— Assigned task —
All lines in the data below carrying the string "Front" are to be located and copied.

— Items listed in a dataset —

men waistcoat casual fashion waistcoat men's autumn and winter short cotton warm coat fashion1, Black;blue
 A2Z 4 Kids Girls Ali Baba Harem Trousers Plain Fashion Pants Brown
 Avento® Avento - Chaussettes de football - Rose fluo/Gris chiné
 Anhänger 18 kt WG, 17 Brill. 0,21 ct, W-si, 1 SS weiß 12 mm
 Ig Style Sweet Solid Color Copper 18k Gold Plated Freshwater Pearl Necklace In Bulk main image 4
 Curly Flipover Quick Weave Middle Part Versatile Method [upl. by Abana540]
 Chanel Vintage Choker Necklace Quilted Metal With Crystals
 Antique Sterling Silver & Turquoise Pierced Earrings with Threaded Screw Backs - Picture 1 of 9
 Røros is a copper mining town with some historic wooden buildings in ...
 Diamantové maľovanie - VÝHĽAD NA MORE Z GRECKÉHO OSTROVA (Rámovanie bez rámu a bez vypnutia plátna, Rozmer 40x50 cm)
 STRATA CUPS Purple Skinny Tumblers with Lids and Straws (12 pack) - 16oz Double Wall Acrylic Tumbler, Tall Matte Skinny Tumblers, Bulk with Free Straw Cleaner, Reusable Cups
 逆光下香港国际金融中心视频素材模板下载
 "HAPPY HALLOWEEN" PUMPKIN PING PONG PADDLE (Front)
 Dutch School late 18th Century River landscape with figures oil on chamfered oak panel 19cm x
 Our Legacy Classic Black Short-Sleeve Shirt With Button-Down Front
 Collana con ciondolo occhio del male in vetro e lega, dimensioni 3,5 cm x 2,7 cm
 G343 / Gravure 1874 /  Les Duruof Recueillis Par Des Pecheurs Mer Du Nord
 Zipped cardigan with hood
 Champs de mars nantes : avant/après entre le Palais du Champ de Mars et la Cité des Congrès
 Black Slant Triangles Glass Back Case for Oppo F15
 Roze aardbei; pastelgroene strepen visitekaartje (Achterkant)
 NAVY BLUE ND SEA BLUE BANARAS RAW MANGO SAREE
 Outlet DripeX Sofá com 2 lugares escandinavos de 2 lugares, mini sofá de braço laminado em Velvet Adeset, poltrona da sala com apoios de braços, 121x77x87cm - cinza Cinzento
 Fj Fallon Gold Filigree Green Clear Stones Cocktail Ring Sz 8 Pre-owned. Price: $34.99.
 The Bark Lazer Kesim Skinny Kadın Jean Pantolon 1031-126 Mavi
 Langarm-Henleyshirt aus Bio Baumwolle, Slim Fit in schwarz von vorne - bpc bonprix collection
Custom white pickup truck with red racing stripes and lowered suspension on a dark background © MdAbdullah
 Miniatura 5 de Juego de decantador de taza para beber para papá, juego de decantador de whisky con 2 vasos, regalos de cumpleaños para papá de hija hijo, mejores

— Task answer —
 "HAPPY HALLOWEEN" PUMPKIN PING PONG PADDLE (Front)
 Our Legacy Classic Black Short-Sleeve Shirt With Button-Down Front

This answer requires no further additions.